[Extracted data entries]
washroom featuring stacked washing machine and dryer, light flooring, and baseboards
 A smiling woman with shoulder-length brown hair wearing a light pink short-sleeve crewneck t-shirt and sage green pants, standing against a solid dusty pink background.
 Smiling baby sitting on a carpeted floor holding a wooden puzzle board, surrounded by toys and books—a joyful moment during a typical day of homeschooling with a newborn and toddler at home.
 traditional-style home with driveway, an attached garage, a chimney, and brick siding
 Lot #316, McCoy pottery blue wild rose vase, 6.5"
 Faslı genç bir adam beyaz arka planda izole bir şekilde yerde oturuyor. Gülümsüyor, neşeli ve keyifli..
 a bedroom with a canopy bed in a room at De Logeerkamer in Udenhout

• Work task: Please return exactly the lines from the one containing "Lot #316, McCoy" through the end of the entries above, adding no other line.

• Solution to the exercise:
 Lot #316, McCoy pottery blue wild rose vase, 6.5"
 Faslı genç bir adam beyaz arka planda izole bir şekilde yerde oturuyor. Gülümsüyor, neşeli ve keyifli..
 a bedroom with a canopy bed in a room at De Logeerkamer in Udenhout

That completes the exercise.